The Path I Choose #2
The wind surges, carrying the scent of the ocean and the distant celebration.
I stare down at the water, waves crashing into the sand repeatedly.
“We’re bleeding on defence. I’m done watching us brace for impact while the enemy moves unchecked.
In the dark, I can find them. Wherever they hide, I can strike back. I can get you the answers you need.”
Leo is silent, brows drawn together. I know he’s hesitating because he’s more than the King; he’s damn family.
And the very weight of that is burdening him.
“I’ve met a lot of people, know so many different kinds of people,” he says finally.
“Your parents… they’re good. Their hearts hold only the best for everyone.
If you walk this path, it’s going to hurt them; they’ll blame themselves. ”
I laugh sarcastically. “Oh, come on, bro, you ran a cartel, one that still breathes.”
“I did what I had to-”
I grab him by the collar, fury flaring through me. “Exactly. You did what you had to. And now I’m doing the fucking same.”
My voice drops as I stare into his blazing, magnetic blue eyes. “I’ve killed before. Monsters. The innocent. The not-so-innocent. I’ve crossed lines that can never be uncrossed. I’m not who you think I am.”
He shoves me off him, his aura rising.
“I don’t fucking care,” he snarls.
We stand there, chest-to-chest for a breath, the air between us tense. His gaze turns calculating, assessing me the way he always does when the stakes are blood deep.
“We’ll ask Dante-”
“No.” I shake my head. “Even he can’t see my future.

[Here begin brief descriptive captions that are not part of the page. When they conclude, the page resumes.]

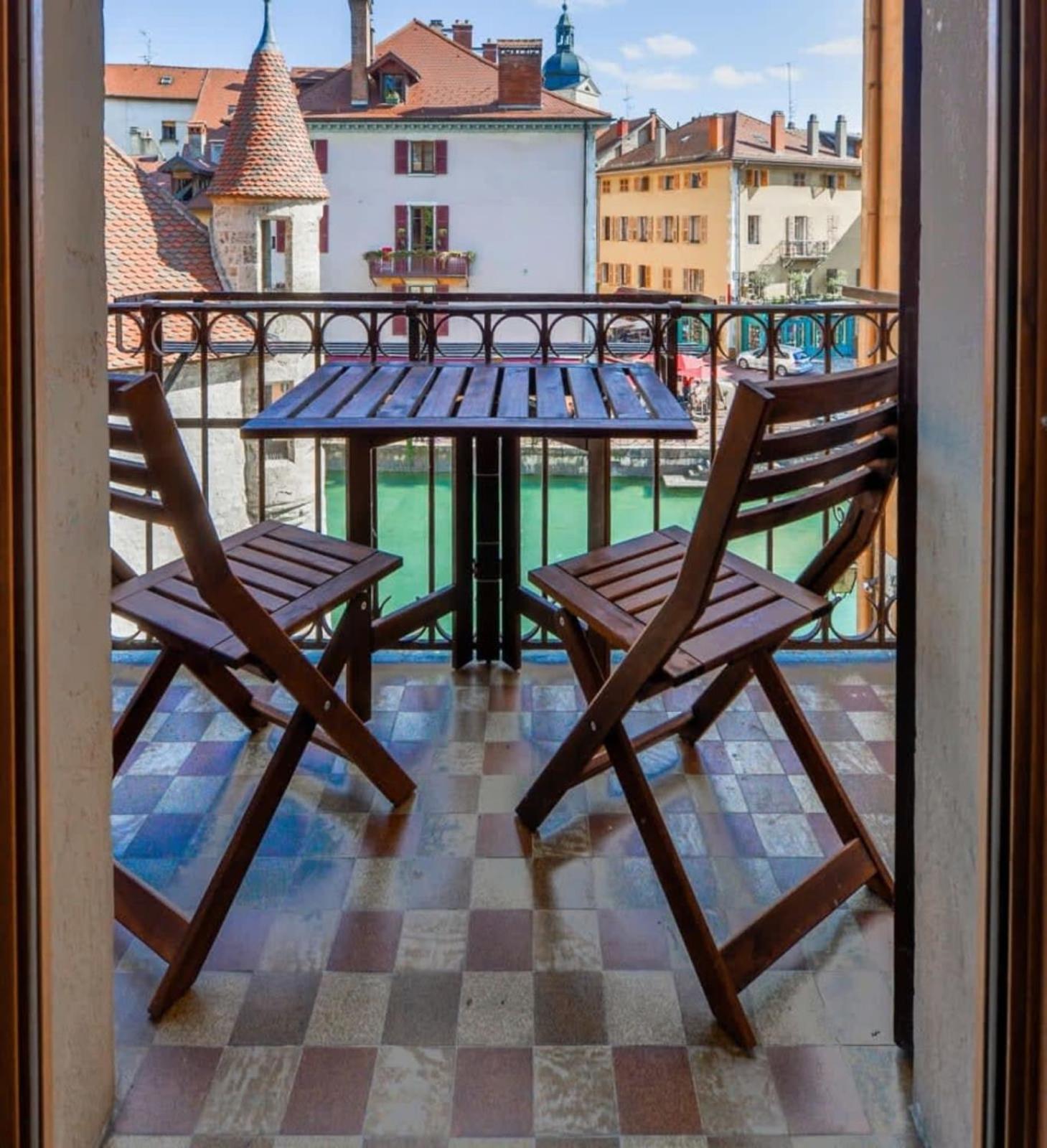3-Star Rated Apartment In The Heart Of The Old Town With A View آنسي المظهر الخارجي الصورة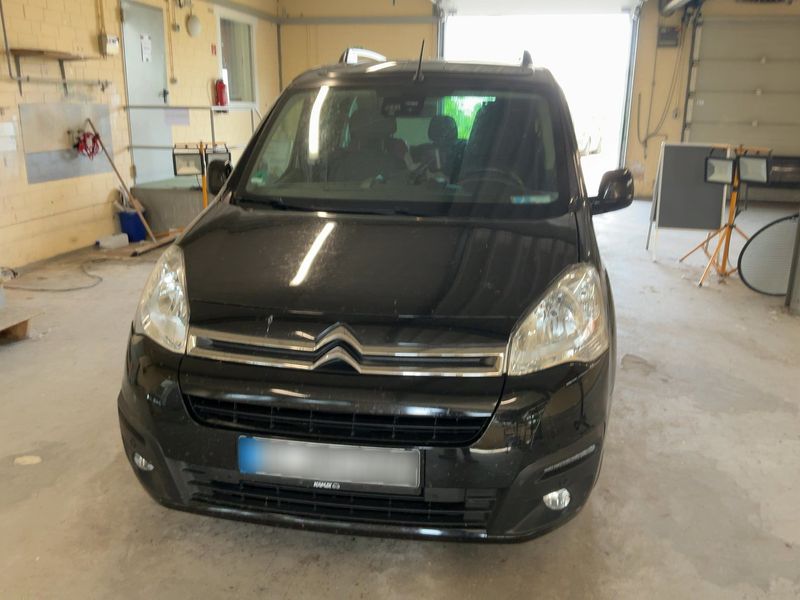 Citroen Berlingo 1.6 Blue-HDi Shine 2018 – снимка 14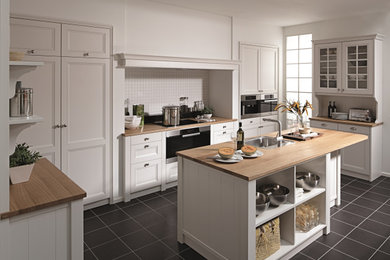 Design ideas for a traditional kitchen in Oxfordshire.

I’m Hades’ chosen. That makes me a blind spot.
I need everyone to believe this. It will be easier.
” I lift my cigarette, inhaling slowly, and exhale a skull of smoke that drifts toward the sea and disappears into the darkness.
“I’m the wildcard you don’t get twice. All I need is one person who knows the truth. And as King, that’s you.”
His eyes narrow. “Your brothers will notice. You know Jayce.”
“Then I’ll leave before they can question me, when they don’t see it coming.” I hesitate, the words thickening. “There’s more.”
I have to tell him. If I’m not around, someone needs to be alerted.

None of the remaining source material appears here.